We present general results on such representations and focus our attention on two particular situations: (i) the given subset of states is a singleton (splitting at a state), and (ii) the given subset is finite and the policy uses a finite number of actions at this set (finite splitting). For splitting at a state, we present new formulas and provide necessary and sufficient conditions when a policy can be split. For finite splitting, we describe the structure of the split and provide an algorithm for its computation.

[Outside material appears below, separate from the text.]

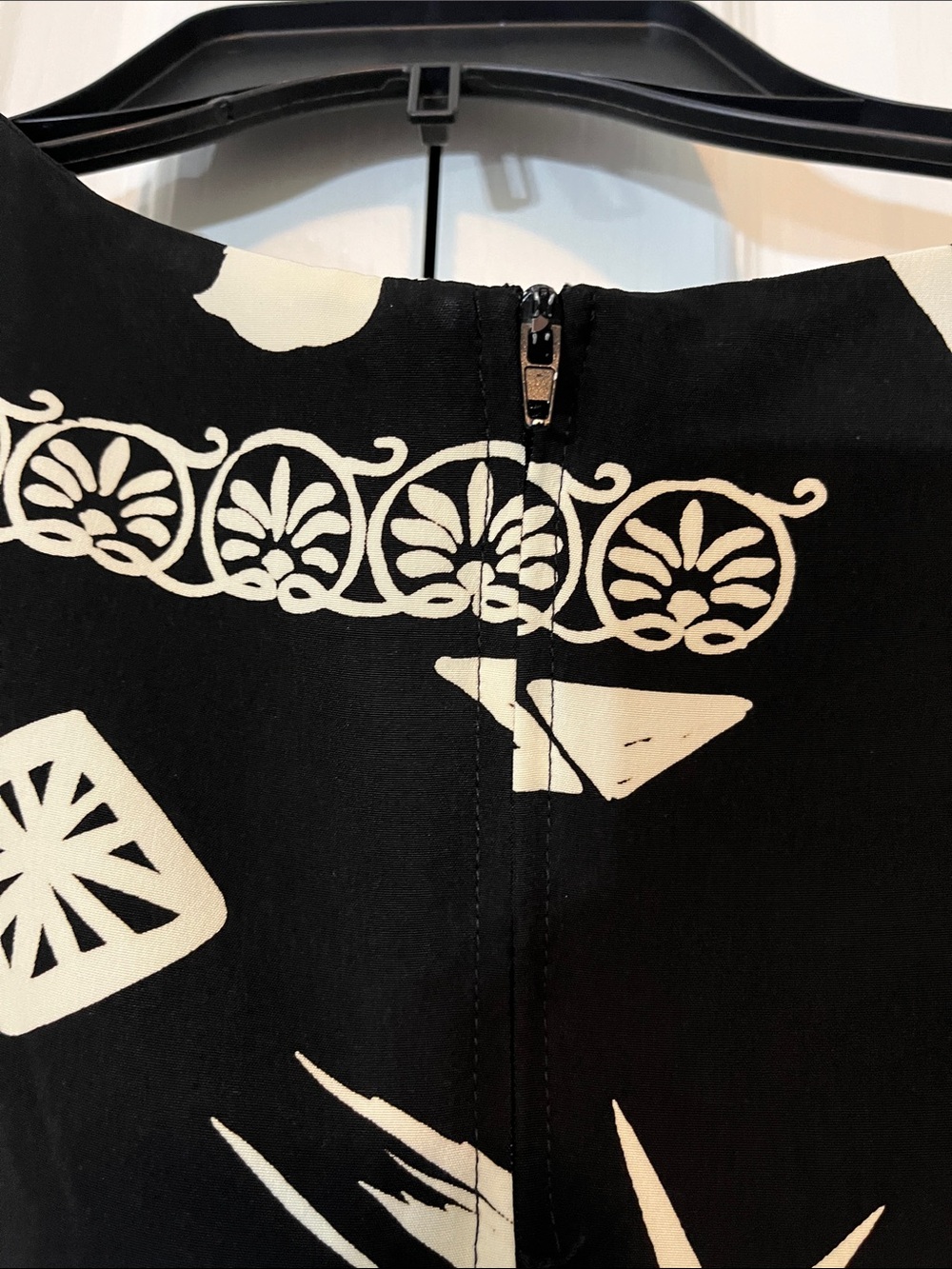 R&K Originals Black & White Side Button Maxi Dress Size 18 LIKE NEW - Picture 5 of 10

Important properties of the structure of the finite splitting are that each two consecutive policies in the split differ only at one state and the number of summands in the convex combination is relatively small.
We apply finite splitting to constrained discounted MDPs with countable state spaces and prove that an optimal mixed stationary policy can be selected in such a way that each two consecutive stationary policies in the split differ at one state. Though this talk discusses infinite state and action MDPs, the results on finite splitting are new for discounted MDPs with finite state and action sets. We shall also discuss splitting of state-action frequencies in unichain MDPs with average rewards per unit time.
This talk is based in part on a joint paper with Eric V. Denardo and Uriel G. Rothblum.